El beato John Henry Newman, nacido
en Inglaterra en el siglo XIX, escribe al respecto con palabras que tienen la
frescura de hoy: El dinero es el ídolo de nuestro tiempo. A él
rinde homenaje instintivo la multitud, la masa de los hombres. Estos miden la
dicha según la fortuna y, según la fortuna, la honorabilidad […] Todo esto se
debe a la convicción […] de que con la riqueza se puede todo. La riqueza, por
tanto, es uno de los ídolos de nuestros días, y la notoriedad es otro […] La
notoriedad, el hecho de ser reconocido y de hacer ruido en el mundo (lo que
podría llamarse una fama de prensa), ha llegado a ser considerada como un bien
en sí mismo, un bien soberano, un objeto de verdadera veneración.
Al leer estas líneas, es imposible no pensar en
tantos participantes de reality shows y otras “celebridades”
que hoy día en nuestros países están dispuestos a cualquier cosa y ser
protagonistas de cualquier escándalo con tal de tener un poco de prensa, de
fama, de atención que viene suscitada por esta sed instintiva de felicidad. Más
aún, si pensamos en ejemplos más cercanos, seremos capaces de identificar a
amigos e incluso a nosotros mismos compartiendo cosas privadas y/o fuera de
lugar en nuestras redes sociales solamente para tener un “like” más o un “retweet”
que al fin y al cabo se traduce en la búsqueda de sentirnos aceptados y
reconocidos. ¿Es que
acaso estas actitudes no reflejan un anhelo insondable del amor de Dios y de la
felicidad que su saciedad significaría?
San Agustín supo reconocer esta ansia de
felicidad cuando se preguntaba: “¿Cómo es,
Señor, que yo te busco? Es porque al buscarte, Dios mío, busco la vida feliz.
Haz que te busque para que viva mi alma, porque mi cuerpo vive de mi alma y mi alma vive de Ti” (Confesiones,
10, 20, 29).
En el evangelio, camino hacia la felicidad
plena, las bienaventuranzas ocupan el centro de la predicación de Jesús. Esto
no es una mera coincidencia pues mediante el sermón de la montaña, Jesús quiere
iluminar nuestra búsqueda de la felicidad con la paradoja de las
bienaventuranzas. En ellas se invierten los criterios del mundo pues se ven las
cosas en la perspectiva correcta, esto es, desde la escala de valores de Dios.

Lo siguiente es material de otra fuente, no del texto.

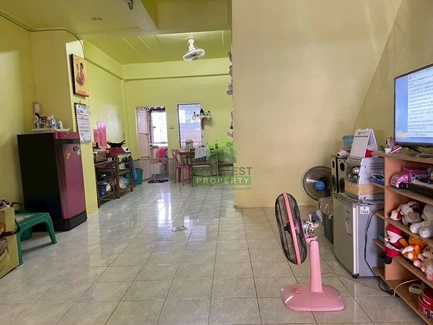 ขายทาวน์เฮ้าส์ 2 ชั้น หมู่บ้านใต้ร่มทอง2 ทับเที่ยง ตรัง เนื้อที่ 18.40 ตร.ว ต่อเติมครบ ทำเลดี ใกล้ตัวเมืองตรัง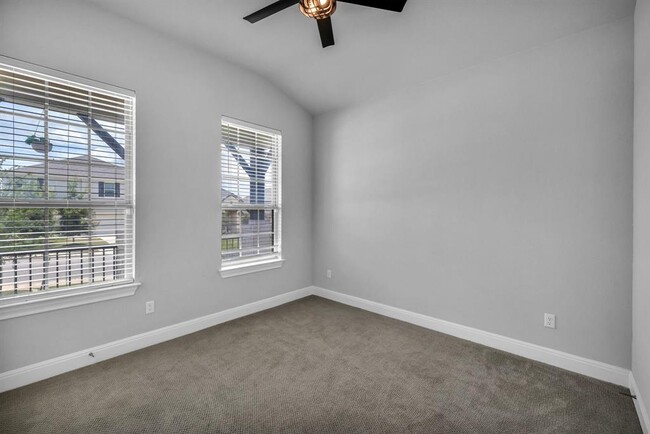 Building Photo - 209 Windom Way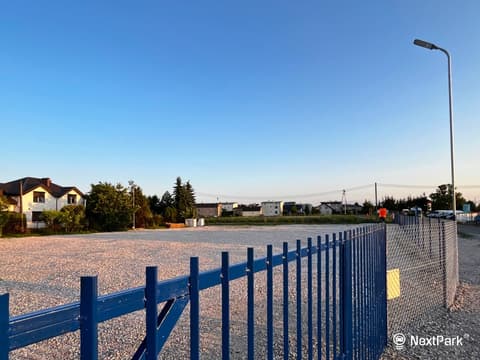 Parking Lotnisko Finałowa 12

Precisamente, los que según los criterios del mundo son considerados pobres y
perdidos son los realmente felices: Jesús llama
dichosos a los que tienen espíritu de pobre, no porque seamos juzgados por
nuestro estatus socioeconómico pues sabemos que hay pobres con espíritu de
avaricia. Sino que Jesús los llama felices porque habrán encontrado que su
felicidad no está en lo material, en la satisfacción de sus placeres ni en
creerse mejor que lo demás. Aquellos con espíritu de pobre son dichosos
puesto que habrán encontrado su felicidad en la solidaridad, la ayuda a los
demás y en el caminar al lado de su Salvador. Y aunque muchas de las promesas
de las bienaventuranzas parecen comenzar en el más allá, «cuando el hombre empieza a
mirar y a vivir a través de Dios, entonces ¡ya ahora! algo de lo que está por
venir está presente»”.
Benedicto XVI
Benedicto XVI
Para terminar podemos afirmar que el primer
paso para encontrar la felicidad es saber qué tipo de plenitud estoy buscando.
Escuchemos a Santo Tomás de Aquino que ya nos da la respuesta: “Solo Dios sacia”.